This is for filesystem sync, rather than document sync like in @cocalc/sync.

The code here helps with periodically syncing a compute server and the project, where the compute server uses unionfs-fuse combined with websocketfs, and the project uses a non-FUSE fast local filesystem (e.g., ext4 or zfs). This algorithm will result in the file systems being equal if there is no activity for a few seconds. It's meant to provide a "last one to change the file wins", BUT with a tolerance of maybe ~10 seconds, especially for deletes.

This does not use inotify or any other file watching because cocalc runs on linux, and our most basic requirement in terms of scalability is at least "the cocalc built source code", which overwhelms inotify. On linux there is no possible way to watch a directory tree for changes efficiently without potentially using large amounts of memory and cpu. E.g., one single cocalc dev tree is way too much. Instead, when doing sync, we will just walk the tree. Running 'find' as a subcommand seems optimal, taking a few KB memory and about 1s for several hundred thousand files.

• TODO: This sync protocol does NOT deal with file permissions, e.g., changing a file to be executable when it wasn't, since that doesn't update the mtime. See https://github.com/sagemathinc/cocalc/issues/7342

ALGORITHM

The actual sync works as follows. For now, we will do this periodically, possibly triggered by active usage signals from the user.

STEP 1: On the compute server, make a map from all paths in upper (both directories and files and whiteouts), except ones excluded from sync, to the mtime for the path (or negative mtime for deleted paths):

computeState = {[path:string]:mtime of last change to file metadata}

IMPORTANT: We use mtimes in integer seconds, rounding down, since that's what tar does. Also, a 1second resolution is more than enough for our application.

We store this in memory.

STEP 2: Call a websocket project api that takes as input:

• computeState or computeStatePatch, sent as an lz4 compressed json string, since highly compressible and could easily be over 20MB... but compresses in ms to 2MB. If the project gets a patch but doesn't already have the last state in memory, it returns an error, and the compute server then calls again with the computeState.

STEP 3: The project handles the api call as follows. It applies the patch (if applicable). The project then updates its own projectState record, except that the project can only mark paths as deleted by comparing with the last time it computed state, since there's no special filesystem tracking of deletes (like unionfs provides us for the compute server).
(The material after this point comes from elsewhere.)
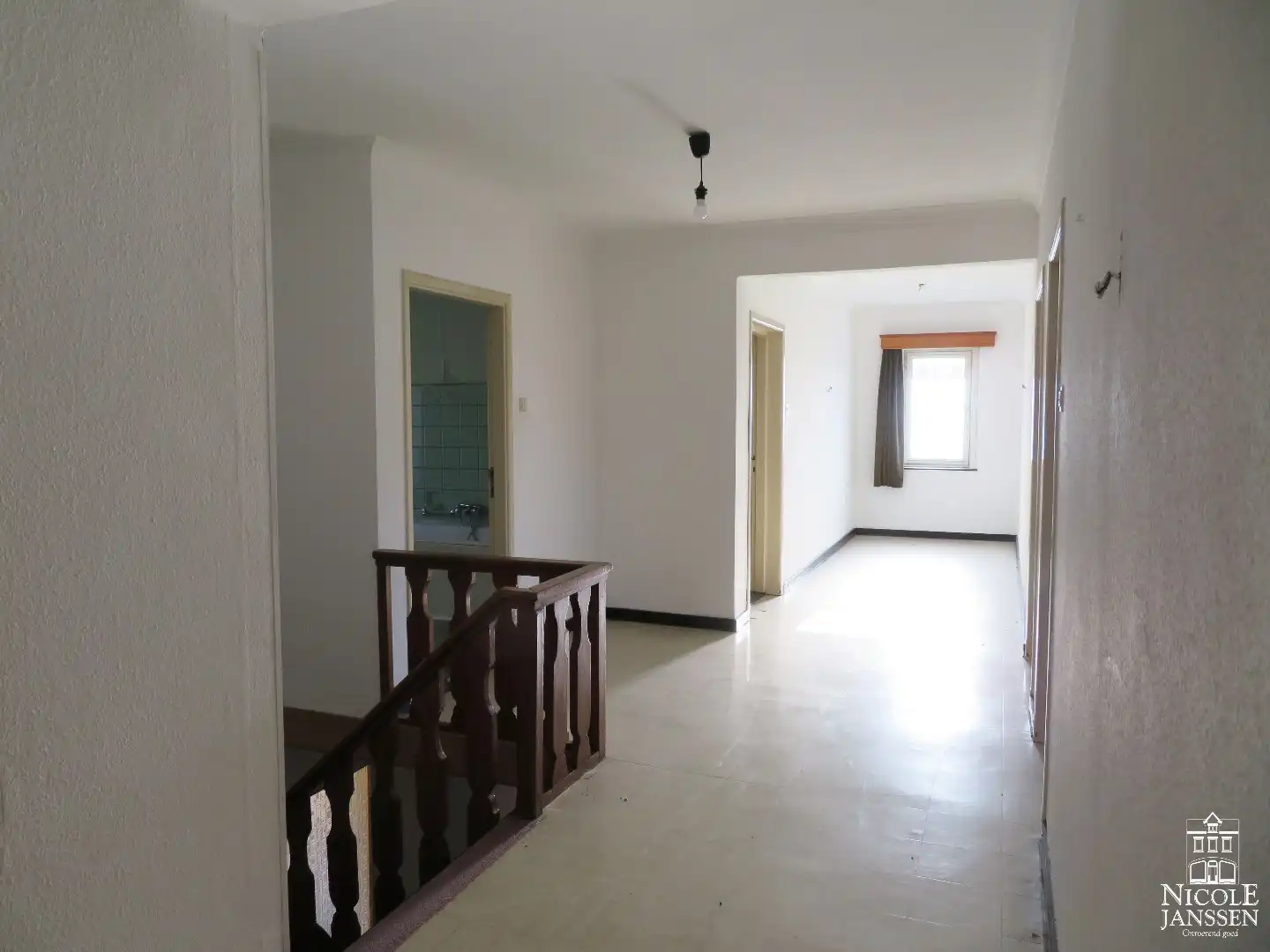 Halfvrijstaande woning met handelsruimte en 5 parkeerplaatsen foto 8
The delete timestamp will be "now", or maybe the midpoint between last udate and now (?).

Then iterates over each path and decides if any of the following apply:

• delete on compute

• delete on project

• copy from project to compute

• copy from compute to project

The decision about which is based on knowing the mtime of that path on compute, in the project, and whether or not the file was deleted (and when) on both sides. We know all this information for each path, so we can make this decision. It is tricky for directories and files in them, but the information is all there, so we can make the decision. If there is a conflict, we resolve it by "last timestamp wins, with preference to the project in case of a tie". Note also that all mtimes are defined and this all happens on local filesystems (not websocketfs). It's also possible to just decide not to do anything regarding a given path and wait until later, which is critical since we do not have point in time snapshots; if a file is actively being changed, we just wait until next time to deal with it.

The above results in four lists of paths:

• delete_on_compute

• delete_on_project

• copy_from_project_to_compute

• copy_from_compute_to_project

These are handled as follows:

STEP 4:

• We process delete_on_project immediately.

• We return delete_on_compute as part of the response from the api call.

• We create a tarball ~/.compute-servers/[id]/copy_from_project_to_compute.tar.xz (say) containing the files in copy_from_project_to_compute. It's of course critical that nothing in here is corrupted; if there is any "file was modified" during making the tarball, we remove it. We return that there is at least 1 file in this tarball and the path to the tarball from the api call.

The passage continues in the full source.